The Sun has become the first British newspaper to publish photos of Prince Harry's naked frolicks during a Las Vegas break. Managing Editor David Dinsmore, appearing on BBC Radio Five Live, stated the tabloid's
decision was a 'crucial' test of press freedom. When asked if his paper had prepared a longer print run for the feature he claimed not to know.
Photographs of a pissed-up 27 year-old cavorting in a private hotel room are about as newsworthy as an oil leak in a multi-storey car park. But people do seem to become mysteriously excitable when confronted with
evidence that the Royal Family occasionally behave like their 'subjects' might do. As former Sun editor Kelvin MacKenzie observed: "If Prince Harry with no clothes on in a Las Vegas hotel room surrounded by one naked woman and a load of other people he has just met in a drinking stripping game is not a story, then it is hard to know what is". (Although, MacKenzie's idea of newsworthy stories stretched to fabricating monstrous lies about the 96 Liverpool FC fans who died as a result of the 1989 Hillsborough disaster).

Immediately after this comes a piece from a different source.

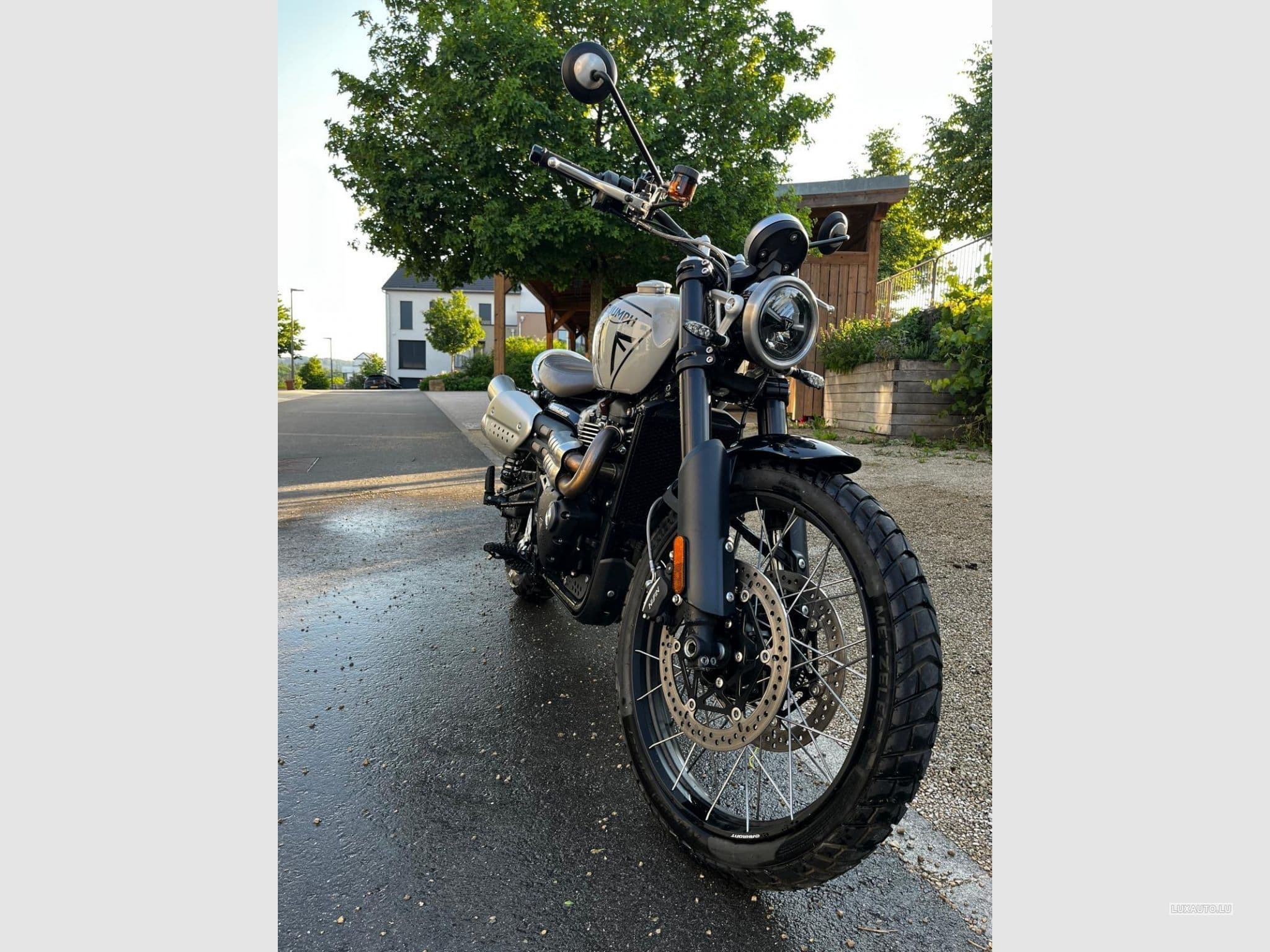 Triumph Scrambler Seitentasche, Quad Lock (2024) - Photo 3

Anyone with an internet connection can have gorged themselves on these images long before they appeared on the newsstands. But for The Sun to cloak the story behind the banner of press freedom is clearly bollocks. Tabloids know what their readership will buy. As for Dinsmore's riposte to Leveson or anyone else who would dare question a tabloid's right to place the hard selling of newspapers above all other considerations: “The teeth of the British press have been pulled by the establishment dentist. It’s important that every so often you bite the dentist’s hand”.
It's worth remembering why the British press had to be dragged kicking and screaming to that dentist's chair in the first place. Amongst the depressing catalogue of abuses, one particular nadir was the hacking of murder victim Millie Dowler’s voicemail. Those responsible for activities as reprehensible as that deserved the Marathon Man treatment with rusty pliers every day for the rest of their miserable lives.